> [DATA PROVIDED]:

=======

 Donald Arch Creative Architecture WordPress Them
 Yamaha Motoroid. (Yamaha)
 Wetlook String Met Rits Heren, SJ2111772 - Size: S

=======

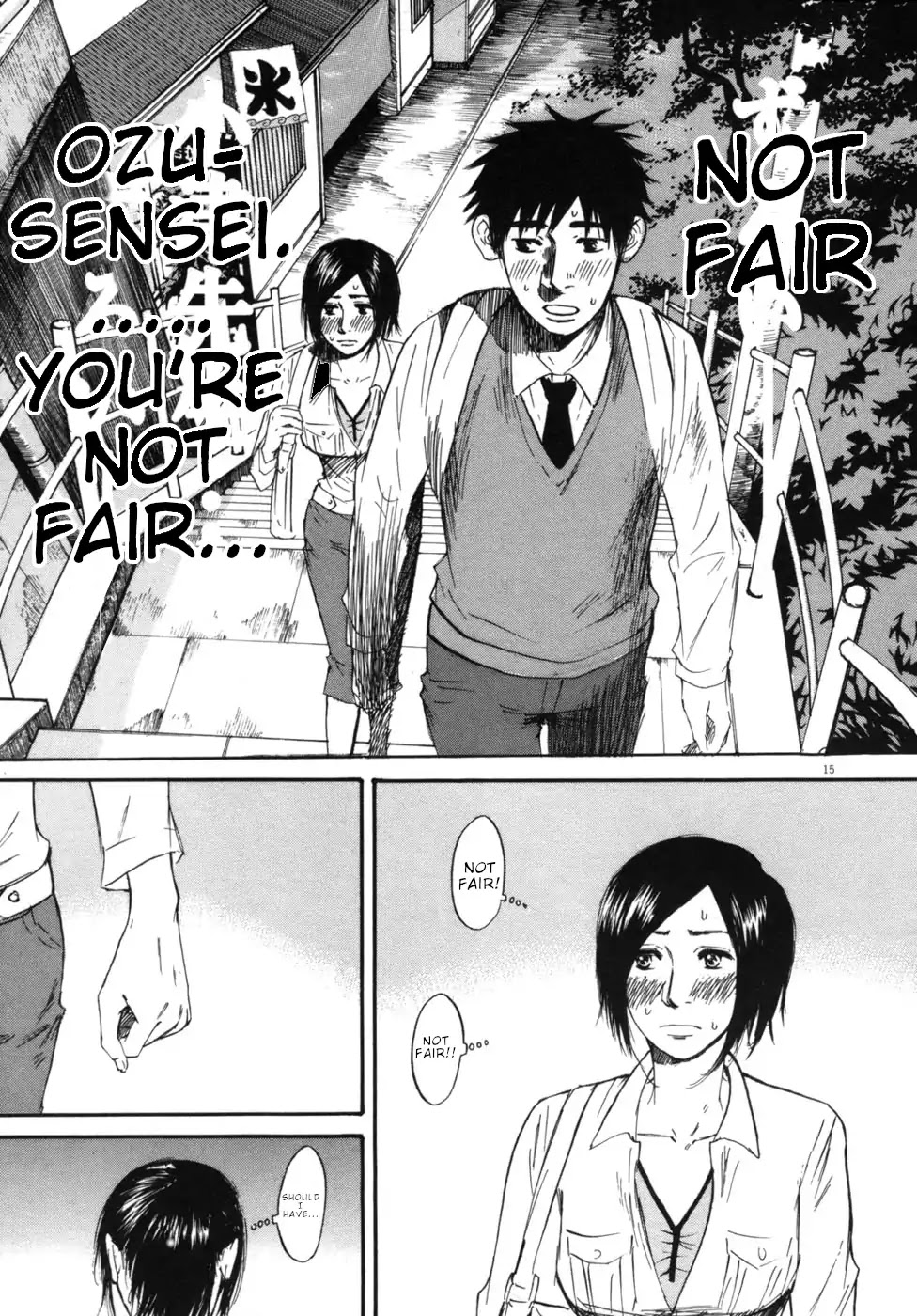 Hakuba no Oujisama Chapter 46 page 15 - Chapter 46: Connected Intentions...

=======

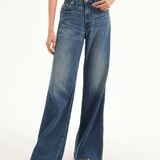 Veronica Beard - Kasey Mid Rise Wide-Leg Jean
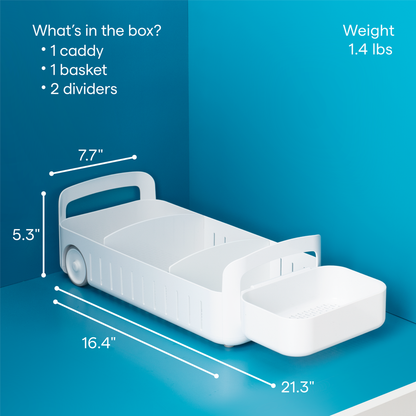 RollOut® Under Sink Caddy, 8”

=======

> [WORK REQUEST]: Look back at the entries above. Retype the line with "Donald Arch Creative", the line with "Wetlook String Met", and all lines in between.

> [EXERCISE SOLUTION]:
 Donald Arch Creative Architecture WordPress Them
 Yamaha Motoroid. (Yamaha)
 Wetlook String Met Rits Heren, SJ2111772 - Size: S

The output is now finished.